Kind of a simple question:

I know I can install libraries - done so many times. But I have a Sketch from Hackster/Github and it requires installation of 2 libraries, each containing about 6 files each. I don't really want to install them (1) for fear they may conflict with something else, (2) if I wind up not using the sketch I really don't want the libraries on my computer.

Can I just place all the .cpp and .h files in the same project folder as my .ino Sketch?

Do I remove the #include directives in the .ino file?

If there are embedded #include directives for files that are already in the project folder, will that cause errors?

Thank you.

Yes. You also have the option of leaving the library in its own folder and putting it under the src subfolder of the sketch if you prefer to keep the library packaged in its original form.

No. You still need them. However, they need to be adjusted. Let's say the library's header file is named "Foo.h" and you have this line in your sketch:

#include <Foo.h>

This tells the build system to look for Foo.h in the libraries installation folders. But it's not there anymore. So you need to change it to this:

#include "Foo.h"

This tells the build system to look for Foo.h in the sketch folder, then in the libraries installation folders if it wasn't found in the sketch.

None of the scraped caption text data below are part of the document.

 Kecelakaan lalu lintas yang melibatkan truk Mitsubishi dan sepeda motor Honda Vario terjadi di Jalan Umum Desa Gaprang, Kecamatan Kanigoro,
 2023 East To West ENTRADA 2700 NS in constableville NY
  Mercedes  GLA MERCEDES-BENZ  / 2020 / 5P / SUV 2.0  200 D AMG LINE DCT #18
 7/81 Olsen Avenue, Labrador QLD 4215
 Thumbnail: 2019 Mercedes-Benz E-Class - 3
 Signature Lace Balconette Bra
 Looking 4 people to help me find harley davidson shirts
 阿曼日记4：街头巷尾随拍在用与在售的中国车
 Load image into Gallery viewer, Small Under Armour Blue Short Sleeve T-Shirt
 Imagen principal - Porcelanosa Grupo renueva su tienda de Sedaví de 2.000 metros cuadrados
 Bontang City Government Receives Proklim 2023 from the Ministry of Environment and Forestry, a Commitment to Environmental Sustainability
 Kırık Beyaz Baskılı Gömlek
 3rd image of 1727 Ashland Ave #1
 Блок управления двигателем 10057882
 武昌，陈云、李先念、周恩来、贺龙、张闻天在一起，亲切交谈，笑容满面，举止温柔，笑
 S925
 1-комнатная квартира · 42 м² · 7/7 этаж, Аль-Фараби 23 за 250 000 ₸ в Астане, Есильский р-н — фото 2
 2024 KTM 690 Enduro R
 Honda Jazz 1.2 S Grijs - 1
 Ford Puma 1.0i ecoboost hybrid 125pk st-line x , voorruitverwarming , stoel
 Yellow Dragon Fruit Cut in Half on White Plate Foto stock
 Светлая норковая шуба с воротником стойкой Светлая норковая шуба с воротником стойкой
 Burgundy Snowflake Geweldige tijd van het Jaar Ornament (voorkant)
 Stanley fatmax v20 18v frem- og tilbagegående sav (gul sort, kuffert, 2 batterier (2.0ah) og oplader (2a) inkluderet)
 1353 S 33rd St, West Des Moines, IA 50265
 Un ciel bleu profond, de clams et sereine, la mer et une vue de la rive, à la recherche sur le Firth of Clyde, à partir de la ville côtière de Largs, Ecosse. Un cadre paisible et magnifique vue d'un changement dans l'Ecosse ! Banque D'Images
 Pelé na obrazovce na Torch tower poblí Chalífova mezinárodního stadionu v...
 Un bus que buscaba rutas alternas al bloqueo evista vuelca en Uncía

Or if you installed the library to the src subfolder at src/Foo, then you would need to change it to:

#include "src/Foo/Foo.h"

You might find that the library code also made some use of the #include <Foo.h> syntax for the local files. Although not exactly correct, that works fine while the library is installed at a normal location, but it stops working when the library is bundled with the sketch. In this case, you will need to change it to using the correct double quotes syntax.

It's not clear what you are asking. Would you mind providing more details about what you mean by "embedded #include directives" and "project folder" so I can be sure to answer your question correctly?


This is great - thanks for clarifying everything - it all makes sense. Although I've seen it many times, I wasn't aware of the <> vs "" difference.

You actually answered this question before I asked it when you said

Thanks again.

Because either one works usually, the syntax choice seems to often be made at random by programmers in the Arduino world. I think that makes it more confusing to understand the distinction. If they were always used consistently in the code we read, we would gain an intuitive understanding of them over time. Even when either one will work, I always prefer that the most specific syntax was used because it communicates the intent of the developer, making the code more self-documenting.

You're welcome. I'm glad if I was able to be of assistance.